I strongly question whether a healthy (not obese, not drunk or drugged) mother and baby co-sleeping is dangerous. Cribs are dangerous.

Ima Shalom said...

Me too! We always let our 11 month old come in from 5-7am. I love our morning offers just the right balance of personal space and family togetherness. That being said, we didn't do it when he was a tiny baby. But now that he's a 25 pound giant we enjoy it without guilt. Nice that American culture is finally beginning to give approval to some of these more "natural" approaches to parenting.

Helena said...

Ima and Abba shared a room, a bed. Why should a tiny baby sleep alone? Only in the "civilized world" do we require our most vulnerable to spend the night alone in the dark, without a loved one to hug and cuddle.

I, too, am guilty as charged. I co-slept with one of my daughters from the day I finally brought her home from the NICU, weighing a zaftig 4 pounds, 9 ounces. She slept between her daddy and me every night (in my arms), until her sister came home from the NICU 4 weeks later. At that point, I co-bedded them together in the same crib. And 10 days later, when their brother came home and all three babies were once again together, I placed him in the same crib as his sisters, where they all slept peacefully, for two months. After all, they spent 28 weeks, 1 day sharing a womb. Why not share a crib?

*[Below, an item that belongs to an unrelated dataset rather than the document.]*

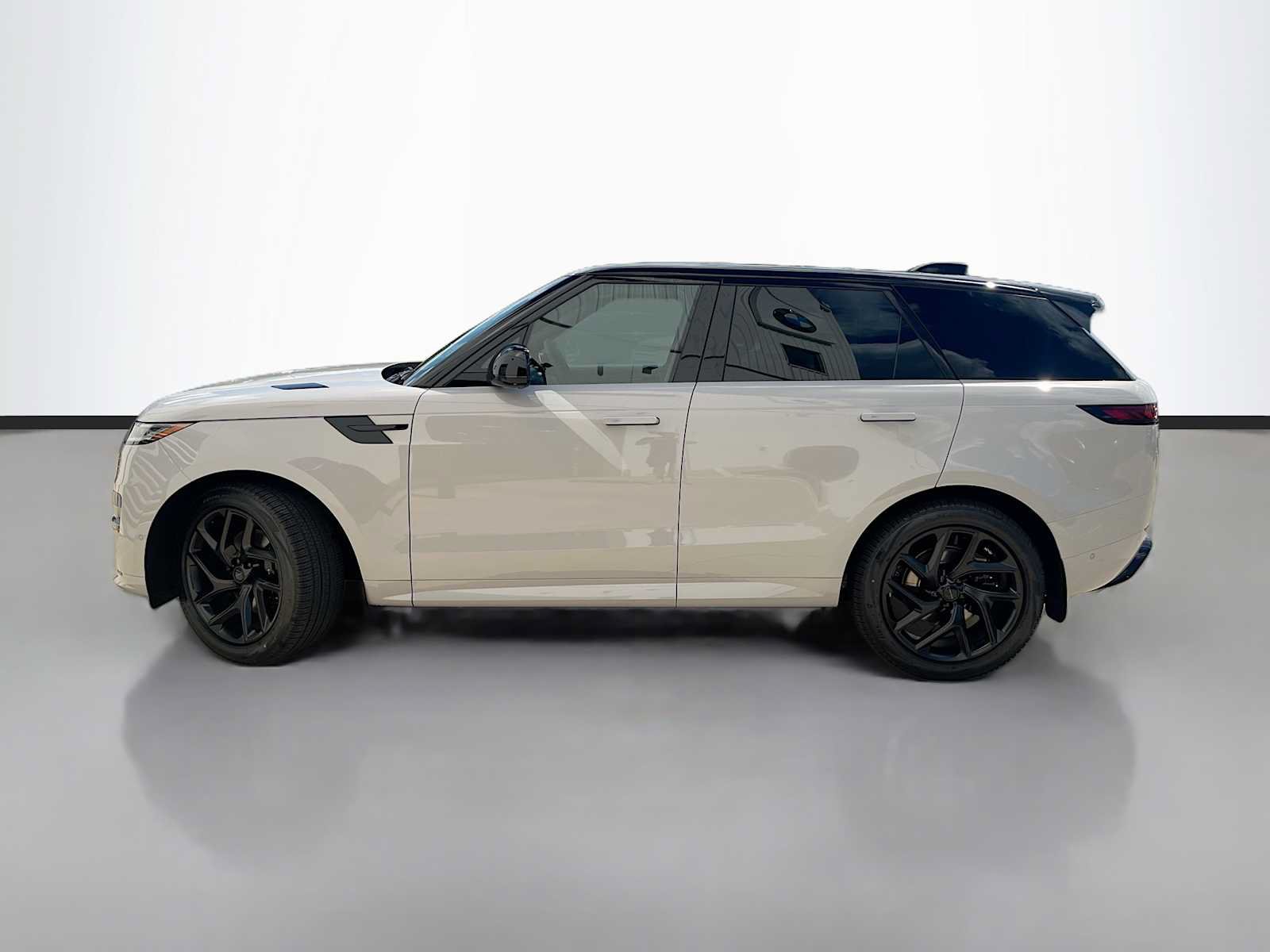 New 2026 Land Rover Range Rover Sport Dynamic SE AWD/4WD image 5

First growth spurt and one of the girls was moved into her own crib, right next to the crib where her siblings continued to sleep - together, in peace - for three more months when another growth spurt occured. At that point, boychik was moved into his own crib.

At 3 1/2 years old, yeladot were moved out of cribs into a double bed. Why split them up now? The climbed into each other's crib, and into boychik's, too. Why put them into twin beds when I knew I'd find them sharing a cramped twin eventually? So they share a double bed now. That is when they aren't in bed with me.

Since Abba died 17 months ago, yeladot have climbed back in bed with Ima. Some nights I'm joined by one, some nights by two. Some nights, I sleep alone. Those nights are coming more frequently now. I miss those nights. I hate to sleep alone.

Joyous Jewess said...

My twins slept right next to us in a co-sleeper until they were 5 months old, and then shared a crib for another month (then they started to wake each other up, so we separated them.) I was grateful that they had each other; I think I would have kept a singleton with us for longer, and I felt so sad for them when they moved into their own cribs (though they didn't seem traumatized at all.) Now my son, who doesn't sleep through the night, joins us in bed in the early morning hours; my daughter sleeps through the night, and I feel bad that her payoff for being a good sleeper is that she misses out on these family snuggles! (But I make sure that she gets plenty of snuggles during the day, of course.)